I am so sick. eerg. really wanted to just curl up in a tiny little ball and feel gross, but
trillsabells is evil. Anyway, here is the next chapter.
For those of you who don't know, and in case this is just in the US, "never have I ever" is a drinking game wherein people takes turns saying "never have I ever...*something they haven't done*" Everyone who has done it must then take a drink.
Part 1 Part 2-----------------
“My go? Right. Umm…Never Have I Ever had sex with a doctor,” Lestrade pronounced.
John groaned and took another sip of his beer. Lestrade was cheating. Specifically picking things he knew John had done (ie - never have I even been kidnapped by a mad man, been mistaken for my lover, etc).
Arthur, to John’s surprise, took a swig as well. Catching the man’s look, he explained. “Emrys already got a PhD two years ago. He’s working on his second because he likes school. Actually likes it. Can you imagine?”
“No. Whenever I bring up university all, Sherlock cringes. I’m fairly sure he was bored out of his skull. I’m also fairly sure that’s where the skull came from.”
“What, the one on the mantle?” Lestrade asked. John nodded.
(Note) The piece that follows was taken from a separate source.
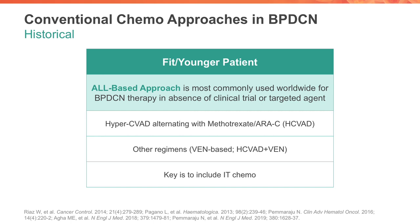Are there other regimens that have been used for fit younger patients in the ALL paradigm? There have been several others. One key in the modern era is adding something to the hyper-CVAD backbone. Most recently, our group published in the New England Journal earlier in 2019 a brief report adding the novel agent venetoclax, or BCL2 inhibitor, to the hyper-CVAD backbone in three patients. The key to this ALL-based approach is to include some form of intrathecal chemo and treat the BPDCN patient as one would in the high-risk ALL paradigm.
“Oh. Never Have I ever found body parts lying around my flat!” Arthur called out. “Well, not human body parts, anyway.”
John took another drink. This just wasn’t fair.
“Never Have I Ever slept with a Holmes before moving in with him,” John announced.
Lestrade and Arthur clinked their glasses together before drinking. John looked at the table and sighed. Even with that last move, his second glass was nearly empty, and they were still only halfway through their firsts. Apparently, even being married to the British government is not enough to top the bizarreness that is life with Sherlock.
“How did that happen, by the way?” John asked.
Lestrade just smirked. “Classified. “
“Oh, shut up,” John sighed. “How about you, Arthur?”
“Had a class together. Thought he was an insufferable prick. Got stuck with him on a project. The rest, as they say, is history. That was…a year ago, I think?”
“Never have I Ever forgotten our anniversary or had it forgotten,” Lestrade said suddenly.
John and Arthur shot each other looks before taking swigs. He vowed to himself that he would no longer try to keep Sherlock on his best behavior at the Yard.
About half an hour later, John was feeling decidedly drunk, Arthur was thanking every deity he could think of that Emrys was sane, and Lestrade was still basking in the glow of having completely pulled one over on Sherlock Holmes.
“So, why on earth have we all been hiding the fact that we are in relationships?” Arthur asked suddenly.
“Because they’ve all been too afraid to tell Mummy that they are in happy, long term committed relationships with men,” Lestrade said voice filled with a bitterness that came from seven years of hiding his relationship. “And then thought they had to hide it from each other.”
“Because they are idiots,” John said with conviction. If there was one thing he was sure about regarding the Holmes brothers other than that they were brilliant, it was that. “You know, is there a chance they’re misreading the situation like they did with one another?
“Even if they aren’t, I think it’s about time someone told her,” Lestrade said.
“If they present a united front…but how do we get them to do it?” John mused.
A pause.
“Withhold sex?” Arthur proposed.
“Withhold sex,” John and Lestrade agreed.